В 1913 году Влас Дорошевич, о котором Чуковский написал злую статью, позвал его сотрудничать к себе в «Русское слово». Первым делом вынул из ящика статью, вспоминал Корней Иванович, и стал ее разбирать: здесь вы правы, тут неправы… – «…дал 500 рублей авансу. Это был счастливейший день моей жизни. Тогда казалось, что „Русское Слово“ – а значит, и Дорошевич – командует всей русской культурной жизнью». В «Русском слове» Чуковский опубликовал важные работы: о Джеке Лондоне, о Сергееве-Ценском, об Уитмене, несколько статей о футуристах, в том числе упомянутый хвалебный отзыв на трагедию «Владимир Маяковский». Чуковский пытался даже познакомить Маяковского с Дорошевичем. Этого хотел сам поэт. «Как стремился Маяковский понравиться, угодить Дорошевичу, – писал Чуковский в дневнике. – Он понимал, что тут его карьера. Я все старался, чтобы Дорошевич позволил Маяковскому написать с себя портрет. Дорошевич сказал: ну его к черту». От контактов отказался и даже прислал телеграмму с угрозой: «Если приведете мне вашу желтую кофту позову околоточного сердечный привет».
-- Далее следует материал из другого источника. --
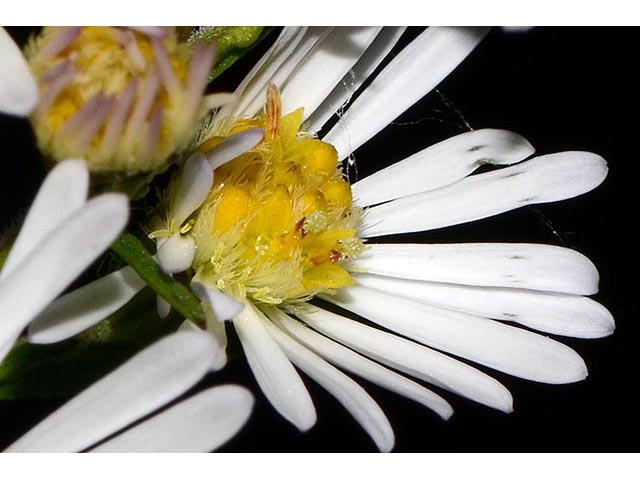 Symphyotrichum lanceolatum ssp. lanceolatum (White panicle aster) #74365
В 1914 году критик особенно много пишет об Уитмене и футуристах. О текущих литературных событиях – почти ничего; отметить стоит разве что большую и важную статью «Смерть, красота и любовь в творчестве Бунина», где критик, рассказывая о творческой эволюции этого литератора, подводит читателя к мысли, что Бунин стал одним из лучших русских писателей.
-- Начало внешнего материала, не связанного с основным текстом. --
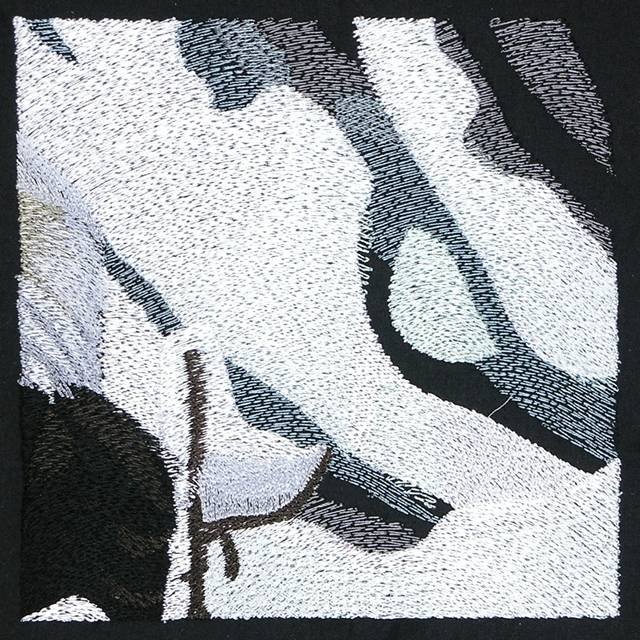 BFC0930 Window-An Eagle in Wintertime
В это время к Чуковскому в Куоккалу часто заезжали футуристы – и не только «доругиваться», как говорил Лившиц, – некоторые даже оседали там надолго, если позволял кошелек. По воскресеньям у Чуковского бывало множество гостей. Чаще всего – драматург Николай Евреинов, художник Юрий Анненков, который недавно вернулся из Парижа, поэт и критик Борис Садовской, художники Александр Арнштам и Борис Григорьев, поэт Сергей Городецкий, члены многочисленного семейства Пуни. Приходил «футуристический доктор» Иван Кульбин. Приплывал на лодке Виктор Шкловский. Появлялся Мандельштам. Часто захаживали по-соседски Лазарь Кармен и Репин (Репин и Чуковский, кстати, делились друг с другом гостями: художник «угощал» критика Шаляпиным, критик художника – футуристами). Изредка приезжал из Ваммельсуу Андреев. Дни проходили в насыщенном общении, чтении вслух, совместном творчестве, обдумывании общих замыслов.